Tal vez así era Cazadora, pensé. El que Mimí me contaba que en los años sesentas corría todos los días de San José a Cartago a la par de la carcacha que hacía de bus, en cada una de sus carreras. Cazadora iba siempre al lado del chofer, pero corriendo, con los pasajeros y los chiquillos haciéndole bulla y animándolo. No pocas veces lo atropellaron. Los más compasivos le ofrecían pagarle el pasaje para que se subiera “Y quién ha visto eso de una cazadora montada en otra?- contestaba- no ve que no cabo?”

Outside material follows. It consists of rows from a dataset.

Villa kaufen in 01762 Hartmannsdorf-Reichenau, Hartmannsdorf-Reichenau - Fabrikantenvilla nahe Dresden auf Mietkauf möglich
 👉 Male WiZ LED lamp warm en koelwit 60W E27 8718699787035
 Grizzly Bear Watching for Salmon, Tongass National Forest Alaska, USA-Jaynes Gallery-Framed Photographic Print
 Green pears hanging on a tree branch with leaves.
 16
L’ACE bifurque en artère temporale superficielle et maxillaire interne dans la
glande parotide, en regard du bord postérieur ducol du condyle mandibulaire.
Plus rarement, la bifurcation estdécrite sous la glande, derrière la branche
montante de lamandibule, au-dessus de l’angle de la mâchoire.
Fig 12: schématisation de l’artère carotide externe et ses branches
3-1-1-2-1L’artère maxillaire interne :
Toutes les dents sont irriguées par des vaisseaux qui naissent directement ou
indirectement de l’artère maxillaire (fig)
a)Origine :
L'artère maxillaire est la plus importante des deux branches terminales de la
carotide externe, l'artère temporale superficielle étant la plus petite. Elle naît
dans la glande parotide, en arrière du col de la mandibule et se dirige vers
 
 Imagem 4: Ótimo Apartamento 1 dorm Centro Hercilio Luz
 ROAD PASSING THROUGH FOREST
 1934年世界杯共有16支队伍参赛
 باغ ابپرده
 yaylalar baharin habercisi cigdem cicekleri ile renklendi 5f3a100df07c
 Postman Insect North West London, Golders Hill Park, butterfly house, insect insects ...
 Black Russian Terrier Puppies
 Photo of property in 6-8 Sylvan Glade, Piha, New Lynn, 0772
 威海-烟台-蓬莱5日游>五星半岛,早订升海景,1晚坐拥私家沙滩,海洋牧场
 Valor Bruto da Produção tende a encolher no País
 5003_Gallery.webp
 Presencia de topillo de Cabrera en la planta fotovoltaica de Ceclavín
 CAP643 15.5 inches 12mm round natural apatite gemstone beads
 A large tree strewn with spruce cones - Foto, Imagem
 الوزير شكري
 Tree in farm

Cazadora hacía los altos y las paradas de la ruta. Se decoraba el pecho con estampitas y dados de peluche y se guindaba espejos retrovisores, un radio de transistores y luces rojas y amarillas. Cuando no le daba el aire, se autorecetaba revisión mecánica. No caminaba hacia atrás, hacía reversa. Imitaba los sonidos del motor y del pito. Exigía que lo revisara el cheque en las terminales. Lo suyo era una romería motorizada para allá y para acá varias veces al día. Cuando los buses fueron más grandes, más fuertes y más rápidos, dejaron a Cazadora botado y se quedó en alguna orilla de la carretera.
La ciudad acabó con sus propios personajes. Muñeca, una viejita que se creía niña y andaba en los brazos un bebé de plástico. Azulito, que tenía una fascinación por recoger de cualquier parte todo lo que fuera de ese color. Y, por supuesto, Juan Chunches, de nombre de esos que se explican solos.